The bet here is not a fair one, so wouldn't his choice depend on the degree of his risk aversion ?. Can somebody please help me out.
So let's decided that decision A is taking the certain sum and decision B is taking the risky sum, where $\bar{w}$ is current wealth and $\mathcal{U}$ is a utility function where $\mathcal{U}'>0$ and $\mathcal{U}''<0$, then you have two potential outcomes in utility. The first is $$\mathcal{U}(A)=\mathcal{U}(\bar{w}+2000)$$ and the second is $$\mathcal{U}(B)=\frac{\mathcal{U}(\bar{w}+10000)+3\mathcal{U}(\bar{w}+500)}{4}.$$
Given only this information, the decision depends upon $\bar{w}$, the shape of $\mathcal{U}$, the payoff outcomes, and the probabilities involved. If you wanted to determine how sensitive a decision would be to change, you could treat the currently fixed factors as variable factors one at a time. To provide an example, you could create a new variable $\pi$ so that option A would become $$\mathcal{U}(\bar{w}+\pi).$$
You could also do this to substitute for $\bar{w}$, the other payoffs, or the odds. If you added the assumption that the actors were indifferent, then you could also use the Envelope Theorem to look at local sensitivity.
Dave Harris gave a great mathematical explanation but I wanted to give a more intuitive version of what he's saying.
If you assume that the safe option is option A and the risky option is option B then you first need to determine the expected value for each option.
Option A's expected value is $2,000, meaning no matter what the benefit of option A is $2,000.
Option B's expected value is (10000 * .25) + (500 * .75) = 2875.
If the individual was risk neutral they would clearly choose option B because it has a $875 higher expected value than option A.

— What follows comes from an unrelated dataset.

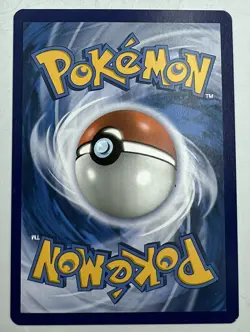 Larvitar 40/124 (NM, Pokemon Card, Fates Collide, 2016, Fighting, Common) - Image 2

This individual is risk adverse meaning they put some value on not facing risk or facing less risk. This value that they place on avoiding the risk is referred to as the risk-premium. The value of the risk premium depends on the factors mentioned by Dave Hariss but in essence it is the amount of additional money they most receive to take the risk.
In your example, for the individual to choose the safe option, their risk premium for this situation must be > 875. Otherwise they will choose the risky option despite being risk adverse.